The Santa Lucia Highlands is an 18-mile-long strip of land that climbs up the western edge of the Salinas Valley into the lower slopes of the Santa Lucia Mountains. Temperatures vary along the length of the appellation: The northern end is just 16 miles from chilly Monterey Bay, so it’s colder and foggier than the south. Really hot temperatures are rare, and afternoon winds from the bay whip down the valley most afternoons, cooling the entire appellation. A number of winemakers have told me over the years that the grapes have such high natural acidity that they have to wait for levels to drop before they pick.

Maybe some of them shouldn’t have waited so long. Admittedly, 2014 was a warmer vintage. But wineries like Morgan, Testarossa and McIntyre managed to make pinots that are lively and balanced. What happened elsewhere?

morgan label

Among the highlights from the 2014 vintage were the spicy 2014 Morgan “Twelve Clones” Pinot Noir ($34) and the more powerful 2014 Morgan from Garys’ Vineyard ($60); the structured yet pretty 2014 McIntyre Estate Pinot Noir ($42); and the 2014 Roar Pinot Noir from Sierra Mar Vineyard ($52), which has an attractive forest floor note.

Lucia Vineyards, a label owned by the Pisoni family, poured the lively, spicy 2014 Santa Lucia Highlands Pinot Noir ($45), as well as the 2014 from Soberanes Vineyard ($60), which has a slight floral note. The 2014 Testarossa Santa Lucia Highlands Pinot Noir ($45) is plump and lively, while the same winery’s 2014 from Dos Rubios Vineyard ($64) is more structured. The 2014 Siduri Pinot Noir from Pisoni Vineyard ($60) is a ripe, concentrated wine that dances right on the edge but retains some liveliness.

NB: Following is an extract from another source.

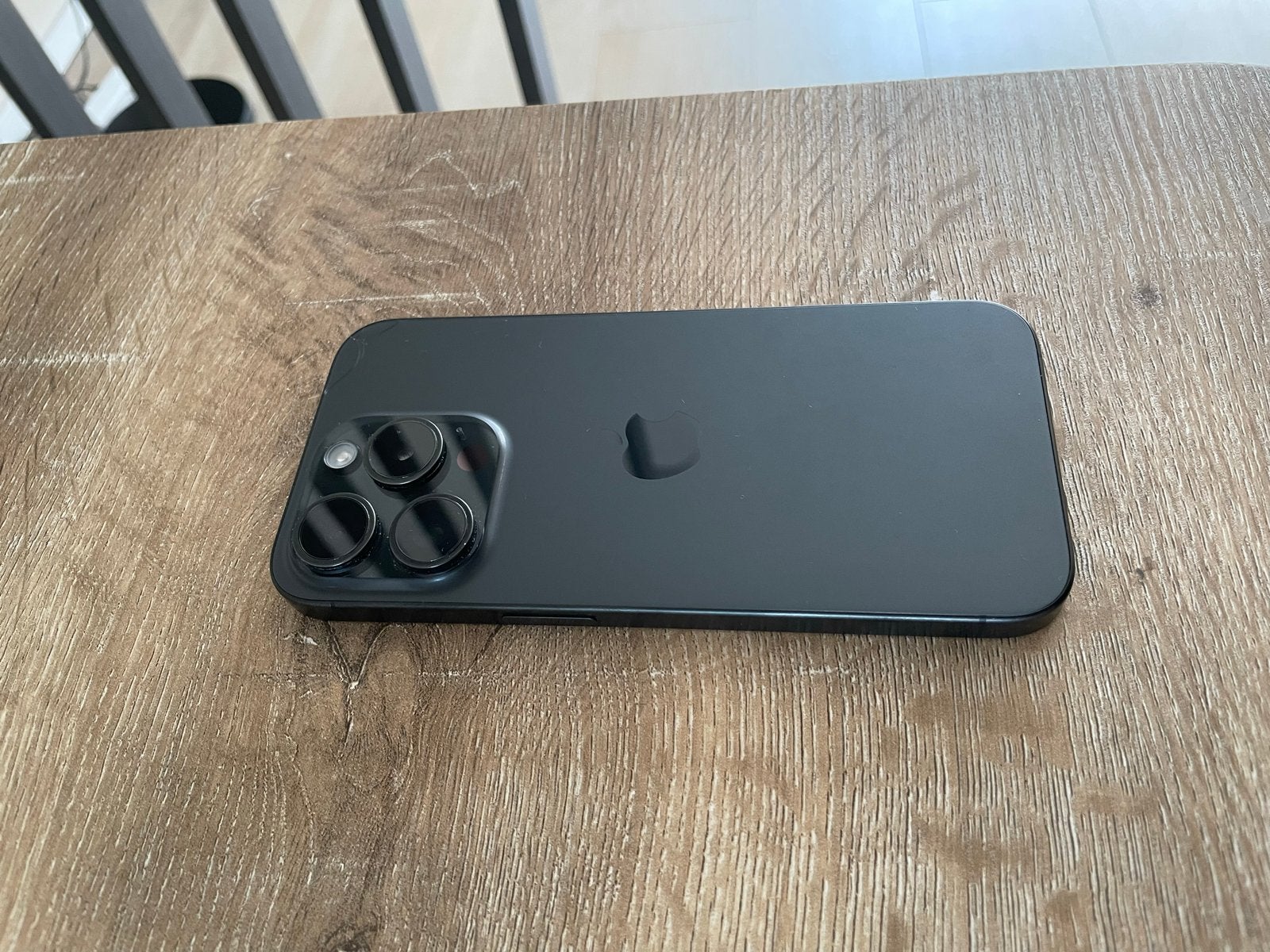 Foto 3 van iPhone 15 Pro 256GB Zwart - Lichte schade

A few wineries were showing 2013 pinots. The 2013 August West Santa Lucia Highlands Pinot Noir ($32) exhibited nice freshness, while the 2013 August West Pinot Noir from Peterson Vineyard ($45) added a touch of forest floor to its pretty fruit. The 2013 Wrath Pinot Noir from Boekenoogen Vineyard ($49) has ample bright fruit and a subtle leafy note, and the 2013 Wrath McIntyre Vineyard Pinot Noir ($49) is quite aromatic and supple. The 2013 Manzoni Estate Home Vineyard Pinot Noir ($35) offers bright flavors of crushed strawberry.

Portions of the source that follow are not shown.